»»

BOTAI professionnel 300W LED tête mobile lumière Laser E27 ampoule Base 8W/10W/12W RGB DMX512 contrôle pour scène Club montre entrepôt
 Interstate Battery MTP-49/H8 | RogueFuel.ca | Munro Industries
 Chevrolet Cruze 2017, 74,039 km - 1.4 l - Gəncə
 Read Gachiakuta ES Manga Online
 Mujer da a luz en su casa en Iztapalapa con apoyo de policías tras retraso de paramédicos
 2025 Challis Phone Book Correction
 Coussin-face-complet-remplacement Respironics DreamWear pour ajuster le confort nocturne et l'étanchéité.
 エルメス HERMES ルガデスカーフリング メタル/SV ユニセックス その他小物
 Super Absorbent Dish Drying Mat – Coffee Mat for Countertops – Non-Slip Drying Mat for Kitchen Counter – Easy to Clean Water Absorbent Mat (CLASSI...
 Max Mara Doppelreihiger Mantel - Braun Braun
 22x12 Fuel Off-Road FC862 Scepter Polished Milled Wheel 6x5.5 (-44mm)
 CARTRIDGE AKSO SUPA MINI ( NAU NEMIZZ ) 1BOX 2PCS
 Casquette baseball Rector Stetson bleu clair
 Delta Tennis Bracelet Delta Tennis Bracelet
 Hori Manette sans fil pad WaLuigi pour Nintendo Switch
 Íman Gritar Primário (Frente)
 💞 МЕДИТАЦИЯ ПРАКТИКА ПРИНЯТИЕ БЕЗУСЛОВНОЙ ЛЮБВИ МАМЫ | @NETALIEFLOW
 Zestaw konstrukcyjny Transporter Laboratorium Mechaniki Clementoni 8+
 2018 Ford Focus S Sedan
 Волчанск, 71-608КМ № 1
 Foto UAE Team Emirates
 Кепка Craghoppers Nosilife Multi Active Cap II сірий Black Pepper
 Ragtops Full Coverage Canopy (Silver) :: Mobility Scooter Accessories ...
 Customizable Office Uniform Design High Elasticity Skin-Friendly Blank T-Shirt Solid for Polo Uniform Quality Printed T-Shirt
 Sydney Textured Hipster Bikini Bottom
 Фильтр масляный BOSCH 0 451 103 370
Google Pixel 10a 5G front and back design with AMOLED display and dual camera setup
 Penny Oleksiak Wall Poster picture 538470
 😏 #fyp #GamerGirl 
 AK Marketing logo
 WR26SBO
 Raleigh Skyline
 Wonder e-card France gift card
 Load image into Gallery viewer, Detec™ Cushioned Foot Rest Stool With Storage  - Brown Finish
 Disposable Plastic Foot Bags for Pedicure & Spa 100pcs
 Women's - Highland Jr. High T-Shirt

««

Please give back the records exactly as written, beginning at the first line and including the line that holds "Mujer da a luz" as the last.

**Worked solution**
BOTAI professionnel 300W LED tête mobile lumière Laser E27 ampoule Base 8W/10W/12W RGB DMX512 contrôle pour scène Club montre entrepôt
 Interstate Battery MTP-49/H8 | RogueFuel.ca | Munro Industries
 Chevrolet Cruze 2017, 74,039 km - 1.4 l - Gəncə
 Read Gachiakuta ES Manga Online
 Mujer da a luz en su casa en Iztapalapa con apoyo de policías tras retraso de paramédicos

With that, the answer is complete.